# How to culture Firebrats



## gosaspursm (Mar 12, 2011)

I have had a number of people ask me how I keep my firebrat (Thermobia domestica) colony, so I figured I would post my technique for all to see. 

I have a colony of a few thousand at the moment that are housed in a 10 gallon tupperware. The tupperware has a zoomed heat pad attached to its base. The heating pad and tupperware are then placed inside a styrofoam ice chest to retain the heat.  

I am not certain on the colony's internal temperature, but I am sure it is above 100F. 

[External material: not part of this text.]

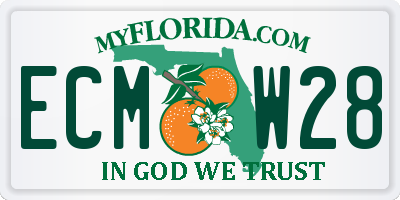 FL license plate ECMW28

Now into the tupperware we go... I initially laid down an inch or so of wheat germ. This will serve as a nice bedding as well as food. On top of the germ are alternating layers of cotton gauze and egg flat. Some people claim cotton is essentially for egg deposit, others say it is unnecessary. I feed my colony mainly powdered milk and occasionally some fish food. 

I also have a few covered jars of salt solution to increase humidity within the colony. Water would work just as well. Additionally, I provide a couple water gel crystals every couple weeks. 

When I first started the colony it was exactly as I have stated with exception to the fact that it was not housed in the styrofoam ice chest. At that time, the colony actually seemed to be declining. Upon putting it into the ice chest the colony rebounded and began to produce quite well. I hope this helps for all who plan on culturing firebrats in the future. 

Styrofoam Ice Chest









10 gallon tupperware 









Heating pad attached to the base of tupperware









The colony, everyone is hiding  









Internal shot of the colony with alternating egg flats and cotton 









Base showing wheat germ, some powdered milk and a container of salt solution


----------



## Shinosuke (Aug 10, 2011)

What is salt solution?


----------



## gosaspursm (Mar 12, 2011)

Salt solution is just another way to provide humidity. If made properly (saturated) it can provide humidity but also prevent condensation in the culture because it will remain in equilibrium with the surrounding air.... that said, it is overkill. I am aware of this . A bottle containing water with some pantyhose over it (to keep the firebrats out) will work perfectly. Just make sure to check every now and again for condensation problems.


----------



## BethInAK (Jul 12, 2011)

I had to google firebrat and I have to admit my first thought was "you grow those ON PURPOSE???" - yech. look like silverfish. 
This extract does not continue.